- **Task objective**
Could you repeat the listing below exactly while leaving its pictures behind?

- **Data block**
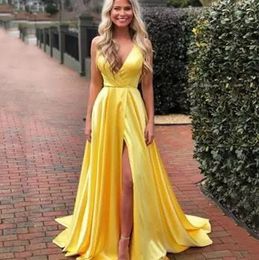 Romantic 2020 Yellow Prom Dresses Cheap V Neck Split A Line Sweep Train Imitated Silk Like Satin elegant evening formal dresses 2019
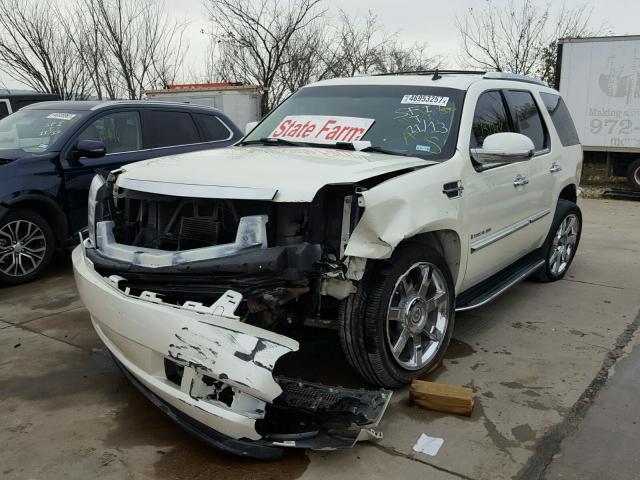 1GYFK63847R226356 - 2007 CADILLAC ESCALADE L WHITE photo 2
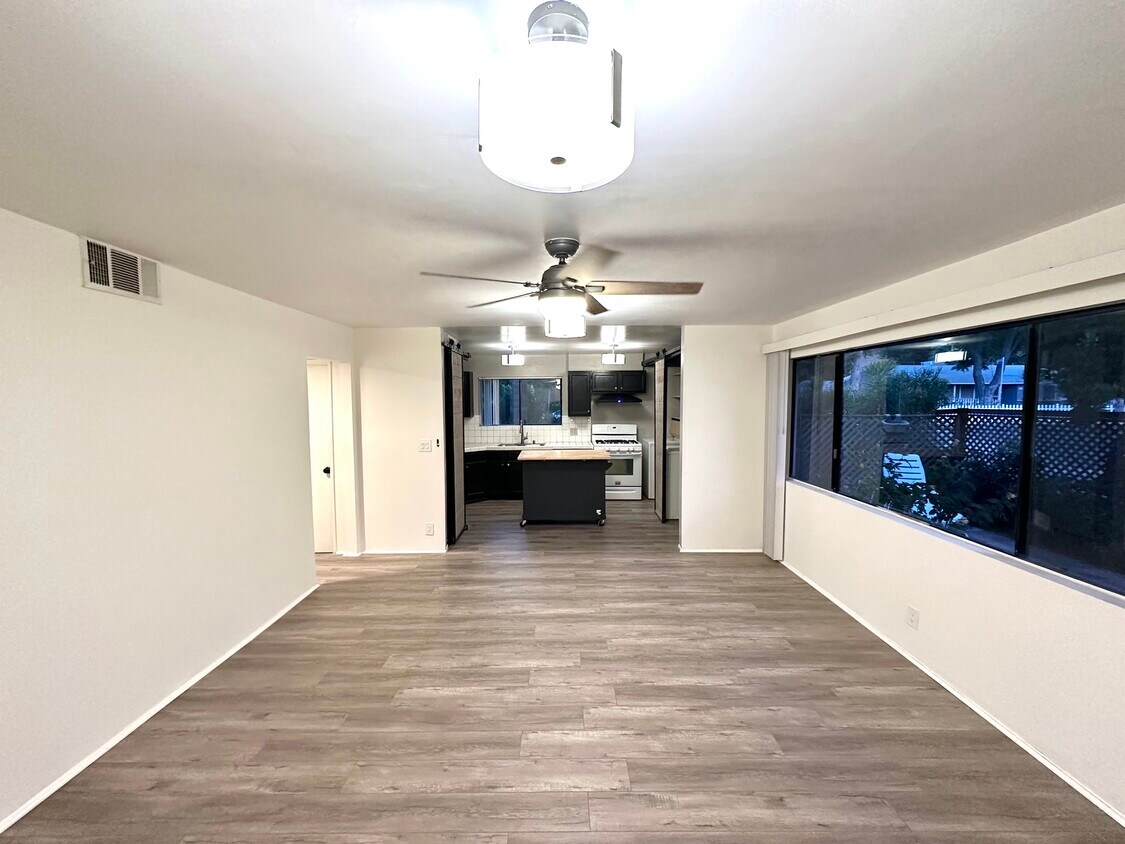 5303 Alhama Dr, Woodland Hills, CA 91364 Townhome Rentals in Woodland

- **Result of this task**
 Romantic 2020 Yellow Prom Dresses Cheap V Neck Split A Line Sweep Train Imitated Silk Like Satin elegant evening formal dresses 2019
 1GYFK63847R226356 - 2007 CADILLAC ESCALADE L WHITE photo 2
 5303 Alhama Dr, Woodland Hills, CA 91364 Townhome Rentals in Woodland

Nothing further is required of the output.